Community practices are not following guidelines for breast cancer screening with MRI in women at increased risk of the disease, according to a new study published online December 7 in the Journal of General Internal Medicine.
Currently, the American Cancer Society (ACS), the American College of Radiology (ACR), and the Society of Breast Imaging (SBI) all recommend that women with a 20% or more risk of breast cancer undergo MRI in addition to mammography. But researchers from the University of New Mexico found that these women are not receiving MRI scans, whereas lower-risk groups are being scanned too often.
A team led by Deirdre A. Hill, PhD, analyzed data from the Breast Cancer Surveillance Consortium (BCSC) that included 348,955 women in five regional BCSC regional registries who received mammograms. Of these, 1,499 also underwent MRI scanning. Hill and colleagues assessed the chances of a woman receiving a breast MRI scan considering risk factors such as family history of breast cancer.

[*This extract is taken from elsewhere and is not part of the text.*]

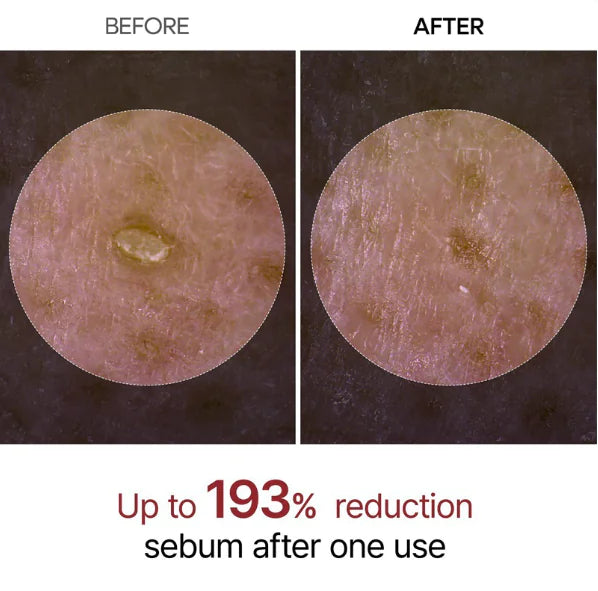 Glow Rice Peeling Ampulle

The group found that community practices are not using screening MRI according to the current professional guidelines: 82.9% of screening MRIs were performed on women who did not meet the guidelines, and of these, 35.5% fell in the low- to average-risk group. Only a fraction of the women who actually met professional guidelines for additional screening MRI underwent the exam, according to the researchers.
"Our data suggest that women with less than 20% lifetime risk [of breast cancer] based on family history, but who have high breast density, breast atypia, or abnormal cell growth called lobular carcinoma in situ, undergo MRI at many times the rate of other women, although the harms and benefits in this population are uncertain and the cost-benefit ratio may exceed established benchmarks," Hill said in a statement released by the journal. "Breast MRI use that is not concordant with guidelines ... poses distinct challenges to effective resource allocation in breast cancer screening."